Treasury has set Nov. 14 as the deadline for banks to apply under the $250-billion program.

Among the winners in the first round of capital allocations today was Beverly Hills-based City National Corp., which said Sunday it would get $395 million under the plan. City’s shares were up $1.69 to $48.30 at about 11:40 a.m. PDT. They had traded as high as $50.83 earlier in the session.

SunTrust Banks Inc. of Atlanta was up $1.49 to $36.60 after saying it would get $3.5 billion from Treasury. Dallas-based Comerica Inc. was up $1.67 to $26.08 after announcing a $2.25-billion infusion.

In return for the capital, the banks will sell the Treasury preferred stock that will pay a 5% annual dividend. They’ll also grant the government warrants to buy common stock.

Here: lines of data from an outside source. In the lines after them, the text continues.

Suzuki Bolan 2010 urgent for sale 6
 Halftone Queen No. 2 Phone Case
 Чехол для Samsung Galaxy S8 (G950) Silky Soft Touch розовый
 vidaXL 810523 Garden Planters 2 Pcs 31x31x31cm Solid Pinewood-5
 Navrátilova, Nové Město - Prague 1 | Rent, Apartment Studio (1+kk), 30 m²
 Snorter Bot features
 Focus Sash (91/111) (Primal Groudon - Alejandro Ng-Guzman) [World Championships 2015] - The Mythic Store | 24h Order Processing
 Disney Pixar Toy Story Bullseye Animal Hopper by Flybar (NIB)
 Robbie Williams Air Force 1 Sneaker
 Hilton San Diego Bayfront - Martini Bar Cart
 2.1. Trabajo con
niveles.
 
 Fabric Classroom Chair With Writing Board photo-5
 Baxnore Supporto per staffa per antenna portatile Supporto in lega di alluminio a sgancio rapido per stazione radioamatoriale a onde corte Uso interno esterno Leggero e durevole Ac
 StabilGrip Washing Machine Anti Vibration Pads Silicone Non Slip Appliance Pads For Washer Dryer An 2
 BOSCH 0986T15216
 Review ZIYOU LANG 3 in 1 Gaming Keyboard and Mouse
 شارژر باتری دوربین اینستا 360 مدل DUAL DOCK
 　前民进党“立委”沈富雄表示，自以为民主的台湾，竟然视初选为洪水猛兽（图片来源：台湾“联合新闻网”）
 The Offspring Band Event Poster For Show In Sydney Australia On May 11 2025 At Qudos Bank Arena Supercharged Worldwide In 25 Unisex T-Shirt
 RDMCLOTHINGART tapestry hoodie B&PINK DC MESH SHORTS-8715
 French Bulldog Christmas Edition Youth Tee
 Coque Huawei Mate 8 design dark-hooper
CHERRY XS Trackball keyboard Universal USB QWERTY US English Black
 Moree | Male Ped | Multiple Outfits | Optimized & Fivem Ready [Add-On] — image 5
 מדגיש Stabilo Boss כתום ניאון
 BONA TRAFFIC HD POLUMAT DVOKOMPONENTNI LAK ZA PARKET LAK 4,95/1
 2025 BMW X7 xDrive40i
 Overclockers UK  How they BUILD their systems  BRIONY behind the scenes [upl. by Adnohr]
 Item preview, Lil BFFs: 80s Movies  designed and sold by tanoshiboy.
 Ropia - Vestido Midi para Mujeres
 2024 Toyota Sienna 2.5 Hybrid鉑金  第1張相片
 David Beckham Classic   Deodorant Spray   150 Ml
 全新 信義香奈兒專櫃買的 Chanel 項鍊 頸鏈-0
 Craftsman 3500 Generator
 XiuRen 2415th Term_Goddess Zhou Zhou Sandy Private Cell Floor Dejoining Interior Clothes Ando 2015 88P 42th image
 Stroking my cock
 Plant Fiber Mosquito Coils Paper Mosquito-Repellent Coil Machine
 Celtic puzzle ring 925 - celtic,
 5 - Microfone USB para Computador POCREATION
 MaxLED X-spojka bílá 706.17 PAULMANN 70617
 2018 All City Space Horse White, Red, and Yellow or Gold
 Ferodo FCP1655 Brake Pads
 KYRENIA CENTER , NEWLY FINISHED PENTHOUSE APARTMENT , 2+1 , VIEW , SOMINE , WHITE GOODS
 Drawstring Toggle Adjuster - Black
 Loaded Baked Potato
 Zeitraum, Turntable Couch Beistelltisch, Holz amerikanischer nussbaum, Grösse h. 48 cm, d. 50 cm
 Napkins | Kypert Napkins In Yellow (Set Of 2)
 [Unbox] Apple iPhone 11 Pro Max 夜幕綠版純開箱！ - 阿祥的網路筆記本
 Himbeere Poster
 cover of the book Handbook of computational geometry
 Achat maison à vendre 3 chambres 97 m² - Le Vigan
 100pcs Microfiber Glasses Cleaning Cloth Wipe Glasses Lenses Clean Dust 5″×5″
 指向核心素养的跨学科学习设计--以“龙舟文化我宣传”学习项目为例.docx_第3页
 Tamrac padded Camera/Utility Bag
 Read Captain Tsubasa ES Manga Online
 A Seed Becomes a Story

The warrants could pay off for taxpayers if the banks thrive and their stocks rise over time.

Other banks announcing capital deals with the Treasury today include Cleveland-based KeyCorp., BB&T Corp. of Winston-Salem, N.C.; and McLean, Va.-based Capital One Financial.

The government’s strategy of seeking to weed out weak banks was evident on Friday, when it awarded $7.7 billion in capital to PNC Financial Services of Pittsburgh as part of its deal to buy troubled National City Corp. of Cleveland.